There was a definite rhythm and the music flowed. They were all similar, but different to the Minecraft jukebox discs he was looking to replace.

Oh, he had also exported them all and uploaded to the Novaskin resource pack – this after asking me once how you do this. He will at times ask how to do something, but won’t accept pre-emptive help.

Autism and Self Sufficient Learning

What suddenly struck me was that I needed to change how I view this. Refusing to learn via tutorials and others is not limiting, in its liberating.

Imagine being able to just learn how to do something and be self sufficient in the process. How much better will your understanding be? You will have learnt through truly doing, not by remembering or copying.

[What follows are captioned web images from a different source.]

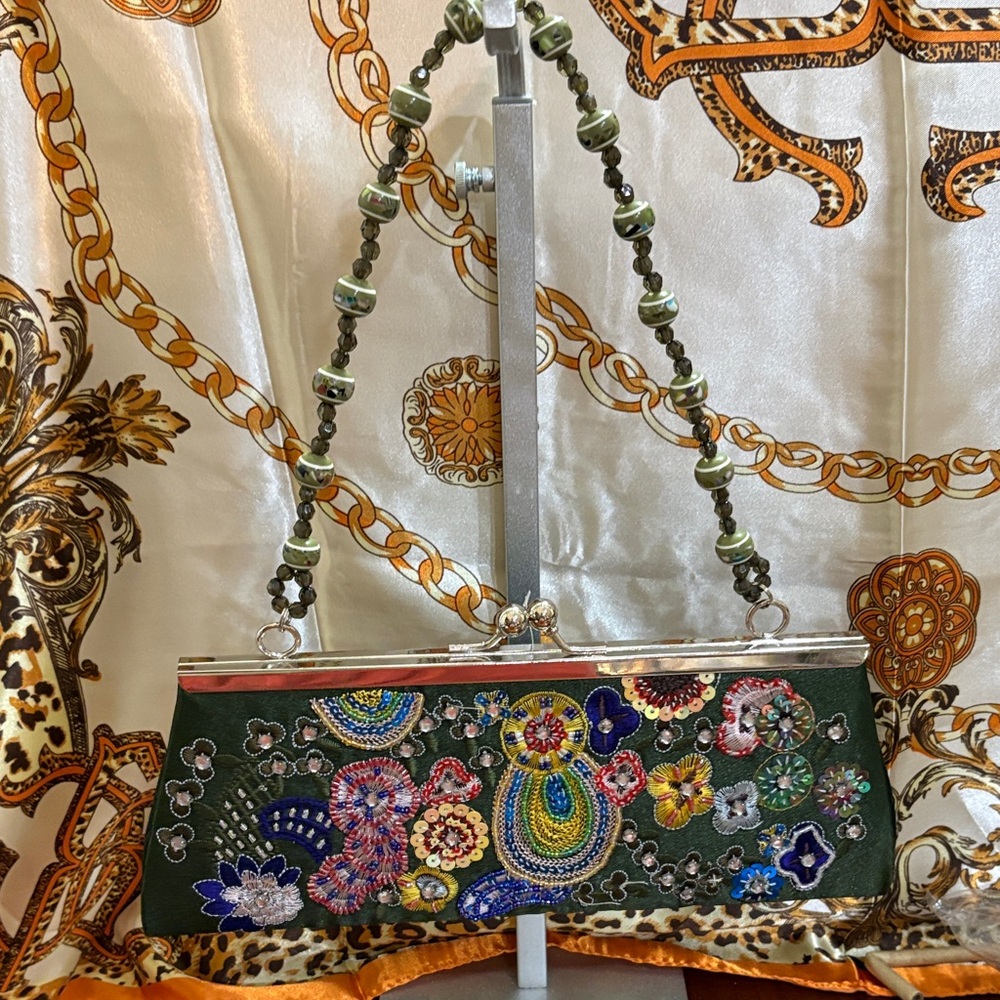Floral Embroidered Clutch with Beaded Strap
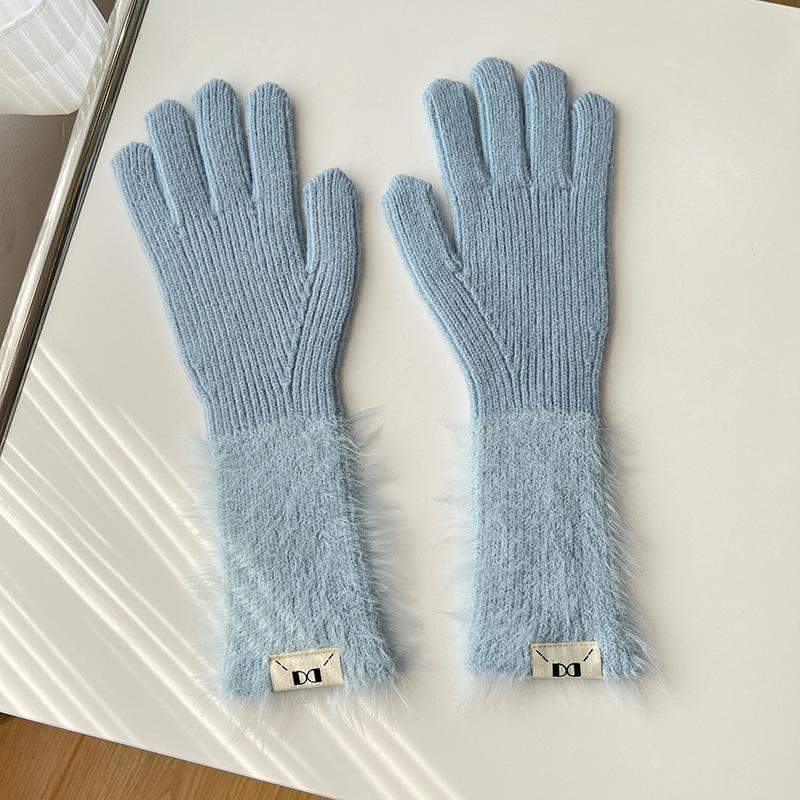 Autumn and winter dopamine solid color warm five-finger gloves versatile knitted cute student girl sweet long cycling sleeves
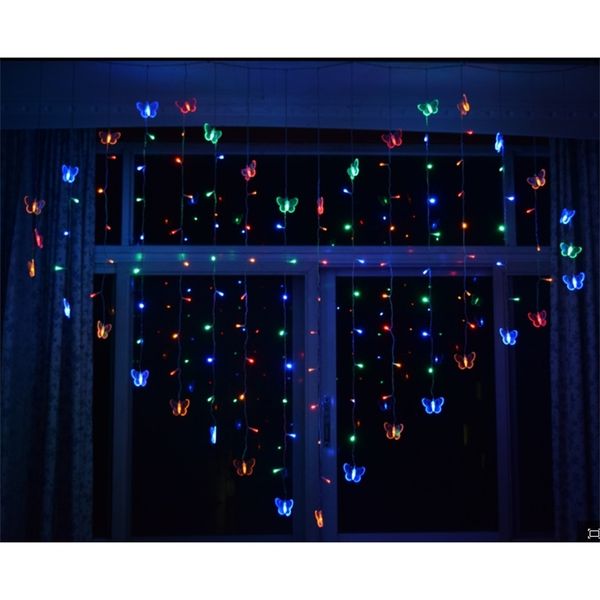 

butterfly love heart led day decoration five pointed star curtain lamp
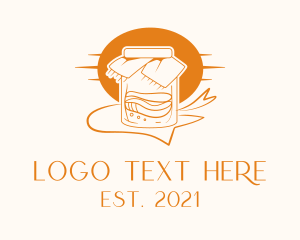 Brew - Orange Kombucha Jar logo design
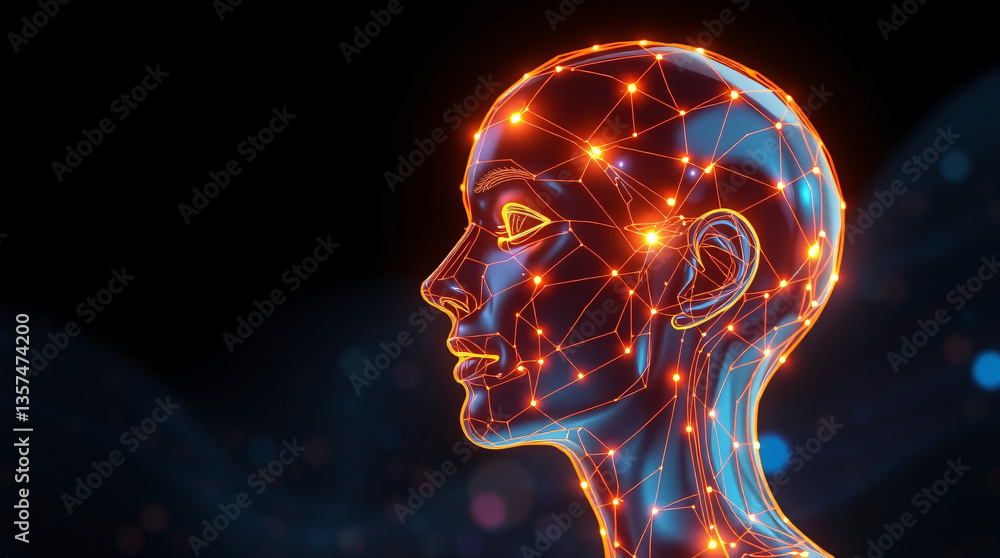 Brain, head, thinking, mind, intelligence, neural network, technology, futuristic, glowing, bright, orange, yellow, circles, nodes, connections, network, digital, abstract, conceptual, innovation, cre Brain, head, thinking, mind, intelligence, neural network, technology, futuristic, glowing, bright, orange, yellow, circles, nodes, connections, network, digital, abstract, conceptual, innovation, cre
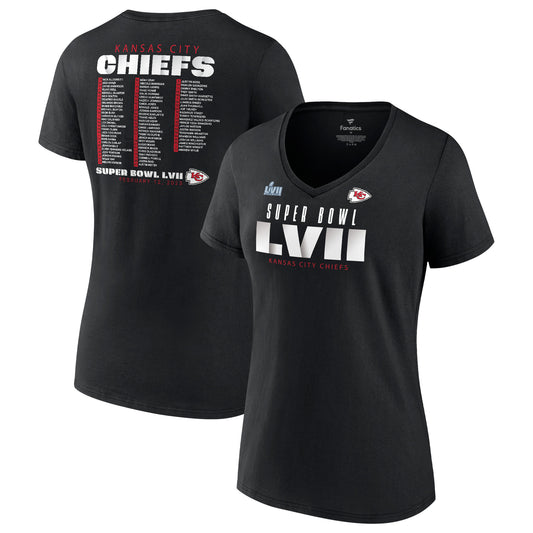 Women's Fanatics Black Kansas City Chiefs Super Bowl LVII Varsity Roster V-Neck T-Shirt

It might be slower initially, but it leads to far greater depth of understanding.

I also came to realise that this skill will be so powerful, it will be repeated and refined, learning new topics will become ever easier.

There will be no panic, no desperate attempt to remember what you were taught. There also won’t be that feeling of not knowing what to do next when you don’t follow the tutor’s advice.

Now, over time I still think there is benefit to him accepting some pre-emptive help – I’d rather he agrees to lessons if he is ever to take our car out for a spin.

But, as an overall point, he will simply have a way of learning that gives him so many advantages.

The Benefits of This Mindset

It is far too early to know what benefits this mindset might have for my son, what it will lead to him making and creating.

However, I do passionately believe that the world needs to embrace those who are willing to learn the hard way and not through repeating what has gone before.

I adore Radiohead and regularly go down YouTube wormholes on the music theory behind their songs, the genius of Thom Yorke.

He is a genius, but not because he has an encyclopaedic knowledge of music theory – he taught himself it all through ear and playing, I even read that he made his own first guitar!

On the music theme, Mark Knopfler is one of the greatest guitarists ever – entirely self learnt, not out of a book or from lessons.

Sting writes in crazy keys and has stuff that baffles analysts, and yet sounds amazing – guess what. That’s because he learnt by doing and finding what worked – and he had the natural talent in this area for innovation and experimentation to merge with inborn musicality.

In art, how many groundbreaking artists follow what had gone before, or did they rip up the rule book and do it their way?

Throwing Forward

Now, don’t worry. I don’t expect my son to be Picasso, or to write the next great experimental album.

For him, I just hope that he finds the avenues to explore his talents.

The more general point is that this is what the world needs. Most people will always learn by doing what has gone before, I’m in that camp. It’s fine.

However, we need to find ways to embrace those who don’t like this method, for whom it is alien.

Yes, they might fall behind in areas. Maths is harder at school if you don’t want to be taught the standard methods (but even here – once you have worked it out for yourself, you truly understand the logic).

I would argue that there are more than enough people who can remember a good percentage of the stuff they are taught. These people are all perfectly good at their job, they help keep things ticking over. Again, I’m in that camp.

However, for there to be advances in anything it requires those who learn by doing and truly embrace this way of being to be to the fore – they live this way out of an internal necessity.

This is as true for business as it is the arts or science. You need points of difference, new opinions and new perspectives. We have surely all been in meetings where we would happily swap one or two yes people with identikit opinions for someone who thinks differently.

Otherwise, you stagnate.

For school grades and career politics and all that stuff we are bought into, this way of working is sub optimal, learning by remembering and copying what has gone before will lead to the most certain success.

But, for progress and the betterment of all we need the doers.